### Code for help in building a KNN classifier
#### Dr. Bruns

In this code I show the ideas you need to build a KNN classifier.

In [1]:
import numpy as np
import pandas as pd
from scipy.spatial import distance_matrix
from scipy.stats import mode, zscore
from sklearn.model_selection import train_test_split
import warnings
warnings.filterwarnings('ignore')

Read the Iris data set.
Each row gives measurements for a single Iris flower.
I use the species associated with each row as the index of the DataFrame.

In [2]:
df = pd.read_csv('https://raw.githubusercontent.com/grbruns/cst383/master/iris.csv', index_col=4)

Apply zscore normalization to every column.

In [3]:
df = df.apply(zscore)

To make things simple, use 20 randomly-selected
rows of the data.

In [4]:
np.random.seed(0)
m = 20
df_small = df.iloc[np.random.choice(df.shape[0], m), :]
df_small.head()

Unnamed: 0_level_0,sepal_length,sepal_width,petal_length,petal_width
species,Unnamed: 1_level_1,Unnamed: 2_level_1,Unnamed: 3_level_1,Unnamed: 4_level_1
setosa,-1.506521,0.328414,-1.340227,-1.315444
virginica,2.249683,1.709595,1.672157,1.317199
versicolor,-0.052506,-0.82257,0.194384,-0.262387
virginica,0.553333,-0.362176,1.046945,0.790671
setosa,-1.143017,0.098217,-1.283389,-1.447076


From this small data set, create a training and test set


In [5]:
X = df_small.values
y = df_small.index.values
X_train, X_test, y_train, y_test = train_test_split(X, y, test_size=5, random_state=42)

Create a distance matrix.
There is one row for every row of X_test.
There is one column for every row of X_train.

In [6]:
dm = distance_matrix(X_test, X_train)

If we look at the first row of dm, we can see the
distances from the first row of the test data to
all of the rows of the training data.

In [7]:
row = dm[0,:]
row

array([1.32828601, 3.42843578, 3.85411762, 3.70474792, 0.67807863,
       3.67957157, 2.6273335 , 2.47623259, 0.45352282, 0.45352282,
       0.76304261, 3.67957157, 4.54009611, 2.47623259, 1.29203689])
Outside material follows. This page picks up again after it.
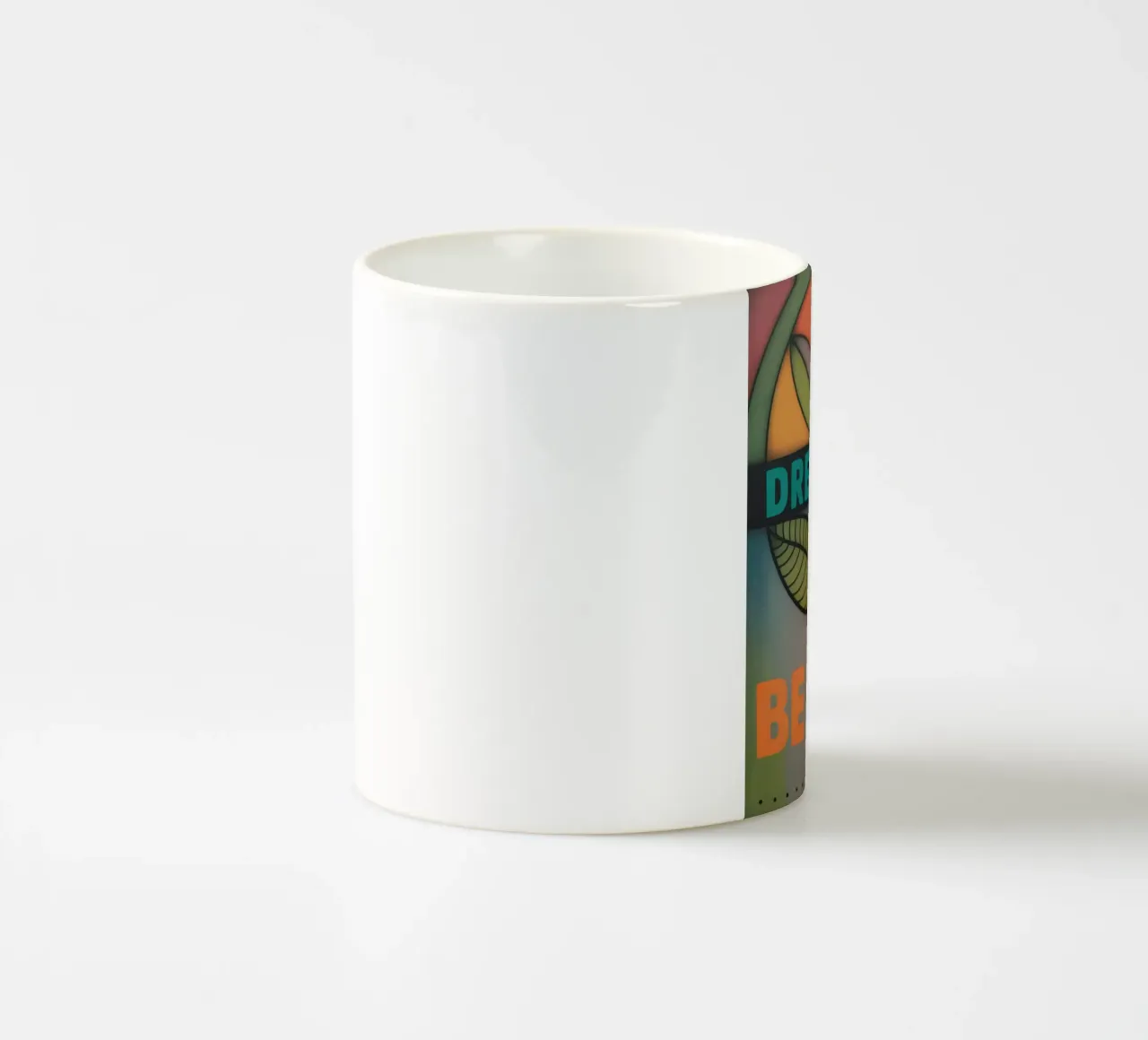 DREAM BIG,  BE BOLD,  Design im Retro Style tazza in ceramica da 20 Farben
The smallest value in this array corresponds to the row of the training data that is most similar to the first row of the test data.   What is the row number for the training example that is most similar to the first row of the test data?  We can find out with argsort().

In [8]:
np.argsort(row)

array([ 8,  9,  4, 10, 14,  0,  7, 13,  6,  1,  5, 11,  3,  2, 12],
      dtype=int64)

You can confirm that the smallest value in array row is at index 8.  This means that the first row of the test data is most similar to row 8 of the training data.  Let's look at their values to confirm they're similar.  

In [9]:
print(X_test[0])
print(X_train[8])

[-1.50652052  0.32841405 -1.34022653 -1.3154443 ]
[-1.14301691  0.09821729 -1.2833891  -1.44707648]


The species of the rows of the training data that are closest to the first row of the test data can be found like this:

In [10]:
y_train[np.argsort(row)]

array(['setosa', 'setosa', 'setosa', 'setosa', 'setosa', 'setosa',
       'versicolor', 'versicolor', 'versicolor', 'versicolor',
       'versicolor', 'versicolor', 'versicolor', 'virginica', 'virginica'],
      dtype=object)

This means that the rows of the training data having values most similar to the first row of the test data are all of species setosa.

Here are the species associated with the 5 rows of the training data that are most similar to the first row of the test data: 

In [11]:
y_train[np.argsort(row)][:5]

array(['setosa', 'setosa', 'setosa', 'setosa', 'setosa'], dtype=object)

In this example all are setosa.  In general, you can find the species that appears the most by applying scipy.stats.mode().

In [12]:
closest_species = y_train[np.argsort(row)][:5]
mode(closest_species)[0][0]

'setosa'

Is this prediction correct?   Let's check the species for the first row of the test data.

In [13]:
y_test[0]

'setosa'

In this example I showed how to find the predicted class for the 
first row of the test data.  The same idea can be used to get 
predictions for all rows of the test data set.